The lift-off analogy to define earthshaking change for the better comes from Melinda’s childhood. She was one of four children of a stay-at-home mom and an aerospace engineer dad who worked on the Apollo programme and grew up watching more than one lift-off, when the engines ignite, the earth stakes and the rocket takes off. The moment of lift is when the forces pushing us up overpower the forces pulling us down and that’s when we are free to fly. After getting her master’s degree, Melinda turned down a job offer from IMB, where she had worked for several summers, to take a job at a “smallish company called Microsoft”. She spent nine years there and eventually became the general manager of information products. “Today I work in philanthropy, spending most of my time searching for ways to improve people’s lives… and often worrying about people I will fail if I don’t get it right. I’m also the wife of Bill Gates. We got married on New Year’s Day in 1994. We have three children,” is how her résumé reads in 2019.
Melinda had the choice of having a career, of being a stay-at-home mom, of later being a mix of the two, and then getting back to a career because she had the opportunity to choose what she wanted to study, whom to marry, when and how many children to have, and when to quit her job because, as she puts it modestly, “We were in the fortunate position of not needing my income.”

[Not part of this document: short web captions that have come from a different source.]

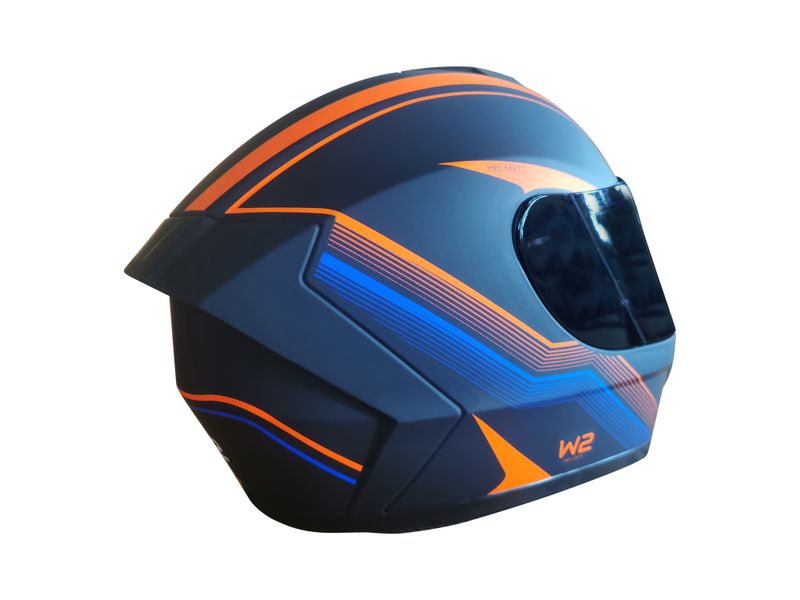 Casco-Motorista-Start-Talla-L-Surtido-17-37985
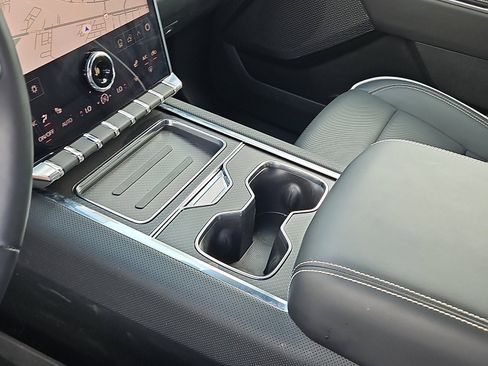 New 2026 GMC Sierra EV Elevation AWD/4WD image 20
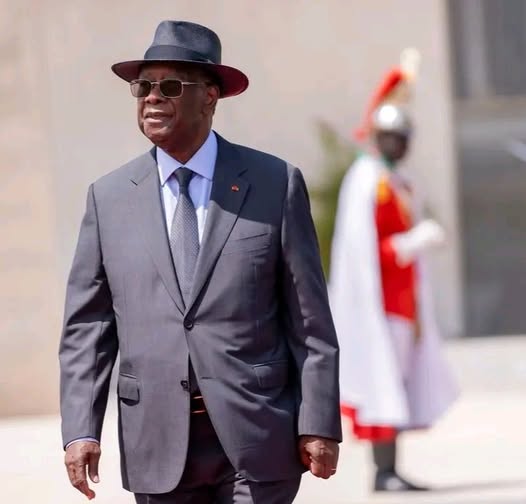 P584307029_1183564983916610_4655054449514368442_n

The learnings from her several subsequent visits to India are a part of Melinda’s growth from a co-chair working behind the scenes to becoming one of the world’s biggest champions of women’s rights. Among the heroes is Ruchi, then 20, from Shivgarh in Uttar Pradesh, an upper-caste girl who defied community ridicule to save a low-caste newborn from dying of hypothermia by nestling him against her breasts after his family refused to do so fearing he was possessed by evil spirits.
There are several heart-wrenching accounts too, like Champa’s helplessness on being refused permission to get her two-year-old daughter Rani treated for acute malnutrition at the government’s free centre because she was needed at home to cook for her husband’s family. “If God takes away one child, he always gives another one. God is very great and generous in this respect,” said her drunk father-in-law, a sentiment I’ve heard more than once from husbands about their sick wives and children. Rani was saved because the village health-workers got her treated while her mother stayed home to cook. Others are not as fortunate and the challenge is to empower the Champas of the world so they can choose what is best for them and their families.
The book ends with her 2004 Kolkata visit, where the change touched Melinda as much as the sex workers she spent an afternoon with. “Beyond our conversations, what stuck me most about Gita and the other women I met was how much they wanted to touch and be touched. Nobody in the community touched a sex worker except to have sex with her. No matter what caste they are from, they are untouchable. For them, touching is acceptance.... a few of the women started singing the civil rights anthem ‘We shall oversome’ in Bengali-accented English, and I started to cry... For me, the contrast between their determination and their dire circumstances was both inspiring and heartbreaking.”
Heartbreak and inspiration are what fuel rights movements and help overcome the toughest of odds, even one as big as gender inequality.